Pinscreen animation makes use of a screen filled with movable pins, which can be moved in or out by pressing an object onto the screen.The screen is lit from the side so that the pins cast shadows. The technique has been used to create animated films with a range of textural effects difficult to achieve with traditional cel animation. The technique was developed by Alexandre Alexeieff and his wife Claire Parker who were often guests of the National Film Board of Canada. They made a total of 6 very short films with it, over a period of fifty years.
Despite their short running time and their monochrome nature they won numerous awards over the years.
The original pinscreen had 240,000 pins which were usually pressed with a small tool, one pin at a time or with other specialized instruments. The pin and frame assembly was built very solidly and mounted in a secure fashion to offer a stable image to the animation camera day after day, week after week as each image of the movie was painstakingly composed.

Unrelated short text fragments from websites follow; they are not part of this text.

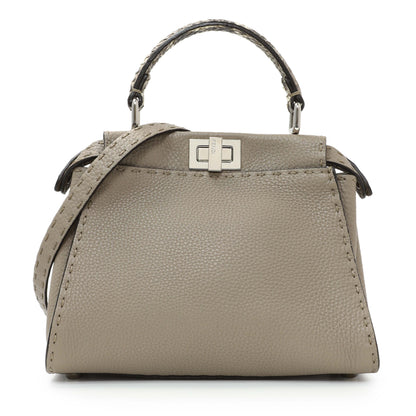 Exclusive Fendi Plaster Cuoio Romano Snakeskin Selleria Mini Peekaboo Iconic Satchel — Front View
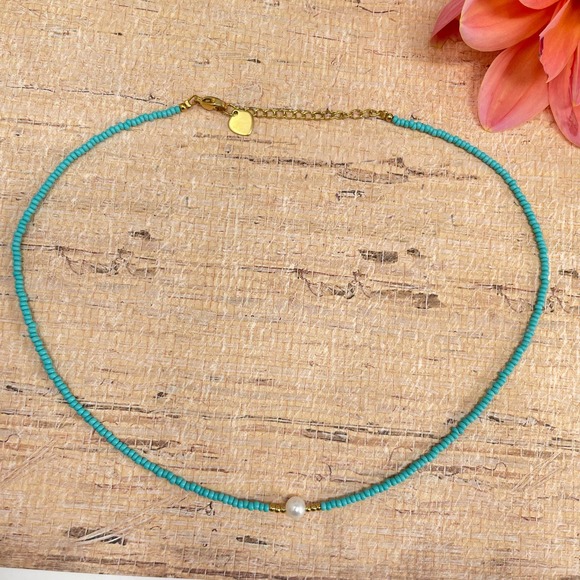 Madam P Choker 16"Turquoise Pearl Seebead Necklace - Picture 6 of 10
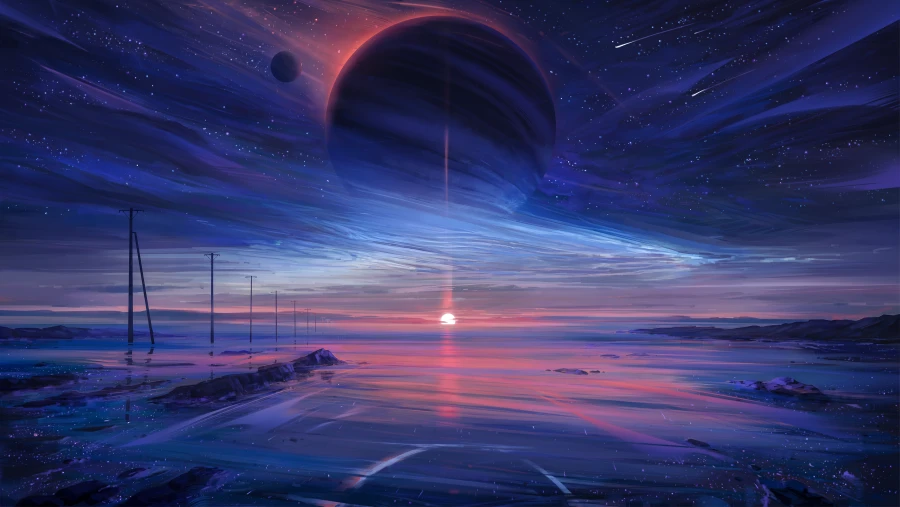 4k太阳壁纸-星星眼星星眼背景-日落-行星星眼「哲风壁纸」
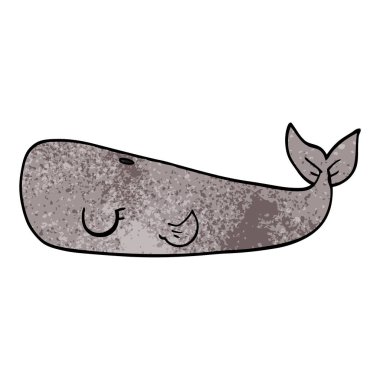 çizgi film doodle balina vektör çizim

Smaller, cheaper models have been made and a five by seven inch "play" version is sometimes sold in Science museums or through the Web and printed catalogs.
According to Claire Parker, the images created by the pinscreen made it possible to make an animated movie which escaped from the flat, "comic" aspect of cel animation and plunged instead into the dramatic and the poetic by the exploitation of chiaroscuro, or shading effects.
Many computer programs have been made with the goal of simulating the images generated by a physical pinscreen.